In one regiment I found a bunch of lads who had been born in China. But, out there in Hong Kong, they heard the call of a Motherland they had never seen, and came post haste to her help. Sitting near me as I write, is an officer back from the Argentine, and already, on his arm, is a gold wound-stripe. Another in the mess had been pearl-fishing in Australia, but stored his boats to come and fight. Another at our table was born in Australia. He was with Captain Falcon Scott on his last expedition, and saw him go out to the South Pole and death. He has already been wounded. When the war broke out its tumult seemed to wake our fathers and we felt them stir in our blood; for ancestors are not put into graves but are buried alive in their sons. We felt the call to defend our race as our fathers did in their day. It was a master instinct, and the millions of men who voluntarily left home and business to fight show how deeply nationality is rooted in human nature. Returning from a far land to die--if needs be--that their kind may live, the scattered sons of our Motherland have come by all the seas to defend her, in her hour of need.

"They came as the winds come

When forests are rended;

They came as the waves come

When navies are stranded."

IX

THE TERROR BY NIGHT

June was a flaming month on the high ground we had captured beyond Arras. The Quartermaster and Transport Officer with whom I was messing were both "on leave" so, as I was the only officer left in the camp, a Baptist padre, whose regiment was near, came to live with me. I had a little brown tent five feet wide and six feet long which a rifleman had lent to me because the bell-tent I was expecting had not arrived. The rifleman did not need his tent, for he and his chums had built themselves a little dug-out. Next day the bell-tent arrived, and the other padre took possession of it, while I held on to the little brown shelter. Next to it was the kitchen where the servants slept and cooked. It was a truly wonderful contrivance of wood, corrugated iron and ground-sheets. The Baptist chaplain's tent was round, my shelter oblong, but what shape the kitchen was, would pass the wit of man to say. It was a shape never seen on earth before. It had no ancestor and it could have no descendant. Such a design could not occur twice. Beyond the kitchen were the horse-lines of the regiment and close by them the regimental stores. It was so hot that we all wore our lightest clothing; and when the servants got lemons from Arras, the lemonade they made lasted about five minutes only, for what was left by us was quickly drunk up by the servants with the assistance of those who like to frequent such happy places as mess kitchens.
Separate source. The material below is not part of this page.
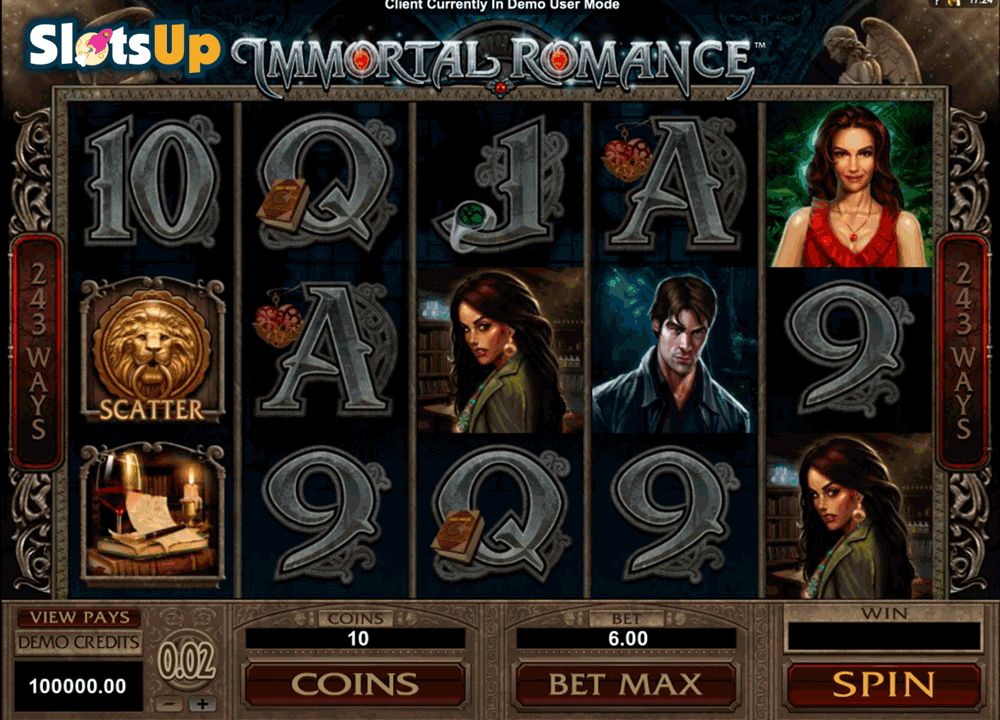 Nieśmiertelny romans Nieśmiertelny romans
All our meals were served out of doors, under the blue sky. We had guests most days, for officers coming out from the homeland stayed with us for a night or a day before going up with the rations to join the regiment in the trench. Other officers had come down to stay with us on their way to a course at some military school; and one, at least, came to wait for the day on which he was to take his "leave." We were, therefore, a very merry party. It was almost like camping on the Yorkshire moors, for we had an uninterrupted view of many miles. To those who love vast stretches of wild barren country as I do, the scene under the flaming June sun was exceedingly impressive. There were no houses, streams, hedges, or trees, but the whole area was scored with trenches cut into the white chalk, and showing clearly at great distances. The ground, with but short spaces between, was covered with encampments. These consisted of the stores and horse-lines of the regiments and batteries in the line. The circle of the horizon was bounded by the charred ruins of French villages--Beaurains, Neuville, Vitasse, Wancourt, Monchy and Tilloy. We could see the flashing of our own guns, and the black bursts of shells from those of the enemy.

All day the sky was thick with aeroplanes, and many were too high to be seen except through strong field glasses. We watched a German aeroplane circling over Arras and directing the fire of the long guns. Soon the streets were strewn with dead and wounded, for the town was full of troops. The firing only lasted a few minutes, however. One of our aeroplanes quickly challenged the enemy to single combat; and we soon saw the German machine falling from an immense height, wing over wing and head over tail, utterly out of control.